Dit is Diebenkorns eerste punt. Alex Kanevsky kan in zijn lezing (voor leerlingen van de Studio Incamminati) niets anders doen dan Diebenkorns ‘aanwijzing’ van zijn eigen interpretatie voorzien. Uit de hele lezing wordt duidelijk dat Kanevsky’s persoonlijke ervaring als schilder heel sterk met die van Diebenkorn overeenkomt. We moeten tijdens het schilderen, zegt Kanevsky, het onzekere opzoeken en uitproberen wat we nog niet beheersen. Dit betekent dat je als schilder fouten moet durven maken, en dat je je voor je fouten of vergissingen, en de correcties die erop volgen, niet moet schamen. Alleen met die instelling kan het lukken om iets te realiseren (in een schilderij) dat verder reikt dan waar je als schilder al was.

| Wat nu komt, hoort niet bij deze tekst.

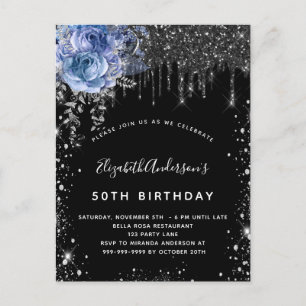 Postal De Invitación Purpurina de plata negra de cumpleaños floral azul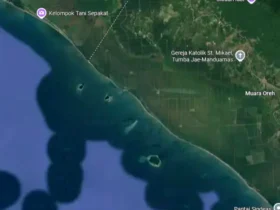 Tangkapan layar empat pulau yang dipersengketakan pemerintah Provinsi Aceh dan Sumatera Utara (google satelite view)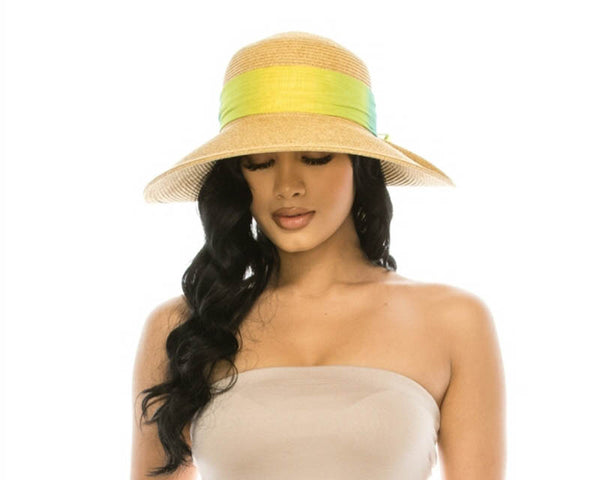 A388-SUN HAT W/ COLORFUL TIE BACK SASH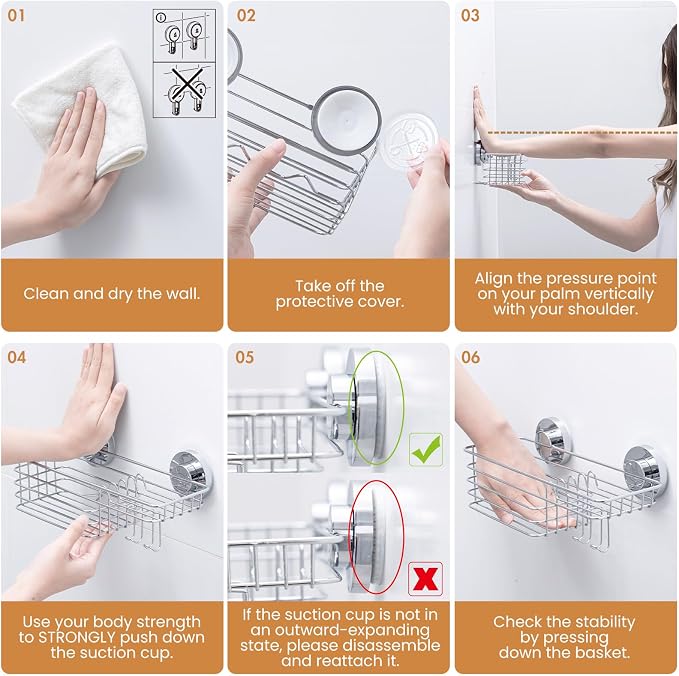 LEVERLOC Shower Caddy Suction Cup, 2 Pack Heavy Duty Bathroom Organizer for Inside Shower with Hooks & Soap holder, Removable and Rustproof Silver bathroom Holder Storage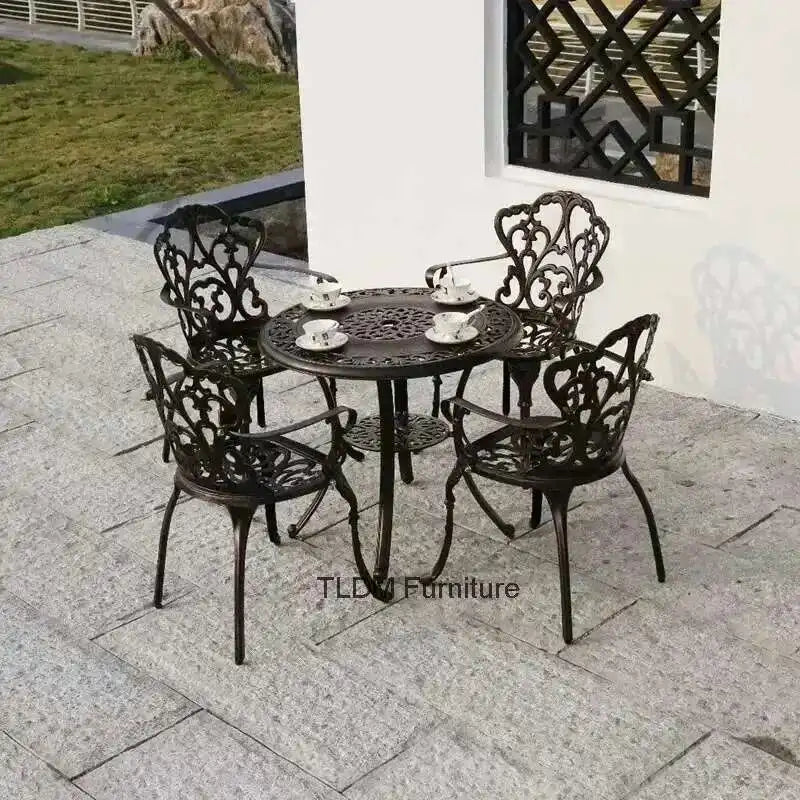Outdoor Cast Aluminum Tables and Chairs Set, Courtyard, Garden ,Terrace Combination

Steeds weer benadrukt Kanevsky in zijn lezing dat het helemaal niet erg is als er dingen verkeerd gaan, of anders uitpakken dan je wilt. “Painting is not a planned activity, it is a dialogue”. Omarm juist het onverwachte dat gebeurt wanneer je, al schilderend, risico neemt. Als het schilderij-in-wording je een heel andere kant op stuurt dan waar je naartoe wilde is dat misschien wel een geschenk uit de hemel, dat je maar het beste met twee handen kunt aanvaarden. Maar je krijgt zo’n ‘geschenk’ alleen maar wanneer je van het vooraf uitgestippelde pad durft af te wijken – en wanneer je het aandurft om toch te proberen wat je nog niet beheerst.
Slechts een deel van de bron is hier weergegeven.